And when Iran’s current president, Mahmoud Ahmadinejad, came to New York for the UN’s annual General Assembly, it was Majd who, in years past, would serve as his part-time translator and liaison extraordinaire.

Ultimately, however, Majd found the man distasteful to work for.

According to Majd, Ahmadinejad is a man who comes from “a very peculiar mental place.” The president of Iran, he says, is not sophisticated or even well-versed in history, and Majd can see why many in the West find him less than delightful. But Majd insists that Iran’s notorious leader can be a very charming individual – from time to time, when he chooses to be.

Majd first picked up some of his intimate knowledge of the West at St. Paul’s boarding school in London. He enjoyed a long career in the entertainment business, working at Island Records, Polygram, and Palm Pictures, before going on to write for everyone from GQ to Salon andThe New Yorker. Majd’s first book, The Ayatollah Begs to Differ, was published in 2008, followed by The Ayatollahs’ Democracy, released in 2010.

But on top of show biz and journalism, Majd also managed to establish himself as a translator and adviser to Khatami, a longtime confidant and his cousin by marriage.

When Khatami’s successor Ahmadinejad first made plans to come to the UN for the General Assembly, it was Khatami who suggested that Majd be his translator, advise him on how to act in the States, and help him with interviews to the American media.

Majd just recently returned to New York from Iran, where he had been living this past year, researching the general mood in his native country for an upcoming book.

I contacted him about doing an interview for The Times of Israel, and he agreed that the insight into the Iranian perspective that Israelis might gain from his observations was important enough to warrant an interview like this. But there was also, I suspect, a relishing of the chance to “fraternize with the enemy,” as the tensions and talk of war between Israel and Iran gain momentum in the headlines.

And yet, Hooman Majd insists that the Iranian people are hardly the enemy. Quite the contrary, he says.

“There is virtually no antagonistic feeling toward Israelis themselves inside Iran,” Majd claims, “but there is definitely a strong dislike of Israeli policy toward the Palestinians. No one should underestimate the antipathy Iranians have for the Israeli government… but yes, Iranians and Israelis are, in many ways, natural allies, and can, in fact, be so in the future, in my opinion, once there is a settlement of the Palestinian issue.”

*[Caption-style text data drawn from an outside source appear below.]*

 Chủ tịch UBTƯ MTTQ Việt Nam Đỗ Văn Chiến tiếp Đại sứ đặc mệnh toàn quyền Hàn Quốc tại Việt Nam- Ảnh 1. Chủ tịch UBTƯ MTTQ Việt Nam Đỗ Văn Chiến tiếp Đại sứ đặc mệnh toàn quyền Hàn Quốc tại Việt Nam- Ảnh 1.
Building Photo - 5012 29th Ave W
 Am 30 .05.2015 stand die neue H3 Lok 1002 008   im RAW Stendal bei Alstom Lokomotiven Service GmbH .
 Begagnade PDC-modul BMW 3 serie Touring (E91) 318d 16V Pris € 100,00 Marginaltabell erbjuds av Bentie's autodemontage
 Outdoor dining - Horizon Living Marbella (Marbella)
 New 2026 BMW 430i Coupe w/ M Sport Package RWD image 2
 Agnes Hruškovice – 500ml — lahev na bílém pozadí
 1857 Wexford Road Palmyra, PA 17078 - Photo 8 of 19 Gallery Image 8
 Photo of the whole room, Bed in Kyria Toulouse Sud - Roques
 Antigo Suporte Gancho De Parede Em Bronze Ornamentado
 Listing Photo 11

Majd has observations on Ahmadinejad’s Holocaust thinking, on what Iran has and hasn’t done to harm Israel, and what it potentially could do to hurt the Jewish state, that surely do not accord with most Israelis’ assessments. Unsurprisingly so.

Unsurprisingly, too, he also points out that Iranians aren’t exactly pleased with Israel over the Mossad’s alleged employment of MEK (Mujahadin-e-khelq) and Jundallah terrorists to assassinate their scientists – an allegation which he says every Iranian knows to be an undeniable fact. Nevertheless, Majd contends that we’re only a Peace Treaty away from having a very warm and friendly future together – because, he says, despite their rhetoric, the mullahs know that Israel is a permanent fixture on the map.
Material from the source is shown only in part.